Por Ana Clara Marinho, G1 PE

Um tubarão aproximou-se da areia em busca de sardinha para se alimentar, em Fernando de Noronha. O animal chegou a ficar preso no raso, na Praia do Sancho, e o registro foi feito pelo guia de turismo Pedro Oliveira, na quinta-feira (21). Segundo ele, o animal tinha cerca de 2 metros.

“Eu estava mergulhando no Sancho. Quando saí, eu vi o tubarão no meio da sardinha se alimentando, foi quando veio uma onda. Ele estava no raso e encalhou, eu me aproximei e filmei. O animal ficou tentando voltar até que veio uma onda o tubarão retornou para o mar”, conta Pedro Oliveira.

Além do tamanho do tubarão, chama atenção na imagem a presença da turista Camila Marinho, que correu para aparecer no registro. “A adrenalina na hora me fez perder o medo, eu queria aparecer na imagem, corri”, revela Camila.

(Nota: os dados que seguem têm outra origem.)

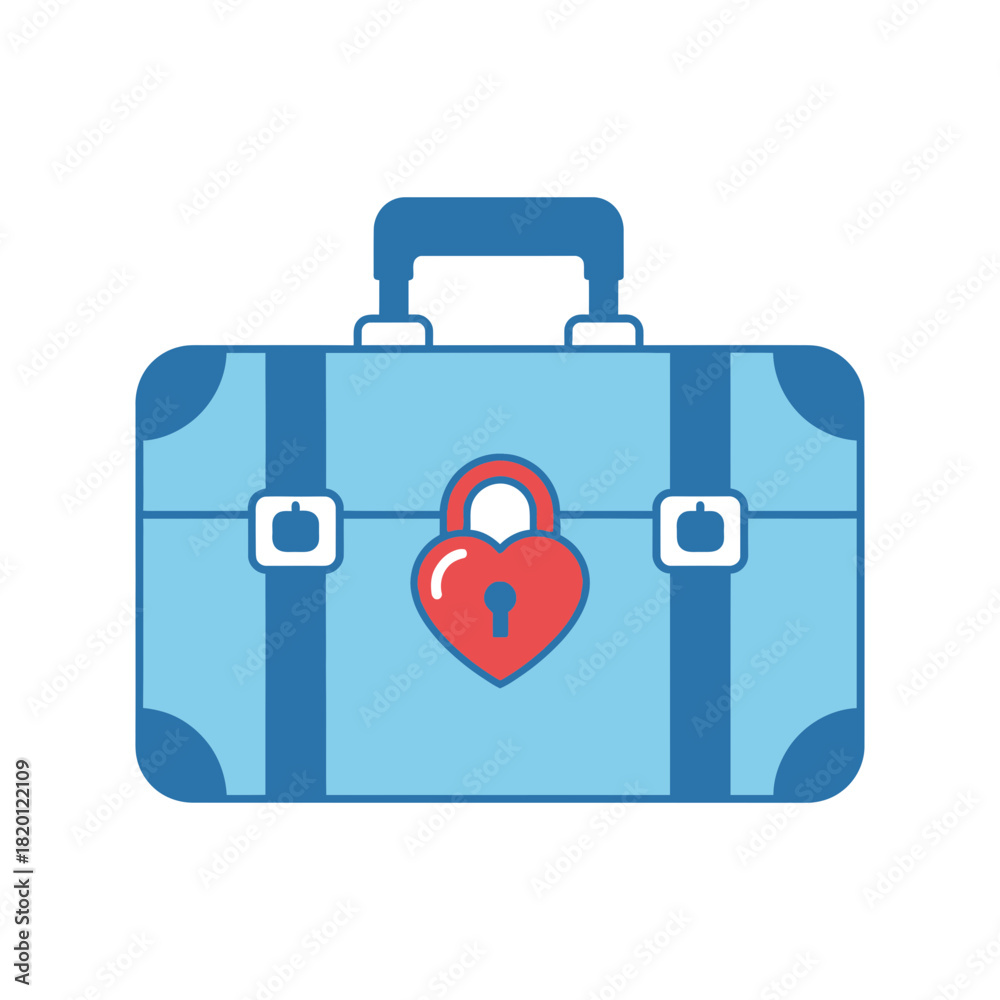 Obraz premium A blue suitcase with a red heart-shaped lock and handle.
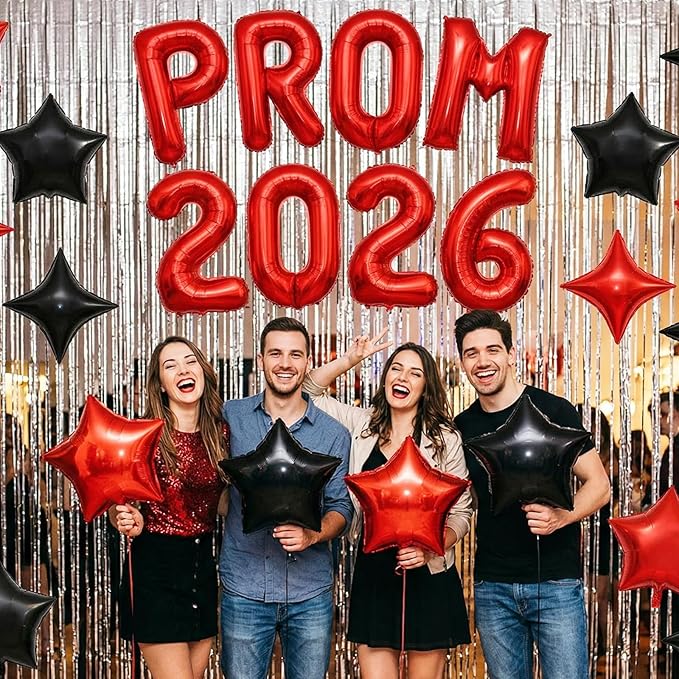 Prom 2026 Balloons Banner, 16 inch Red Letter Balloons Prom 2026 Sign Decoration with Black Red Star Balloon for Class of 2026 Congrats Grad Party Birthday Retirement Graduation Party Supplies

A turista reconhece que correu risco. “Foi arriscado, mas foi uma cena marcante. Eu sabia que Noronha tinha tubarões grandes, eu arrisquei, fui lá na frente, bem pertinho”, lembra a visitante que é do Recife.

Essa não foi a primeira vez que o guia de turismo presenciou o encalhe de tubarão. “Eu já vi outras vezes, mas essa foi a primeira vez que consegui filmar, fiquei feliz , é um registro extraordinário”, comemora Pedro Oliveira.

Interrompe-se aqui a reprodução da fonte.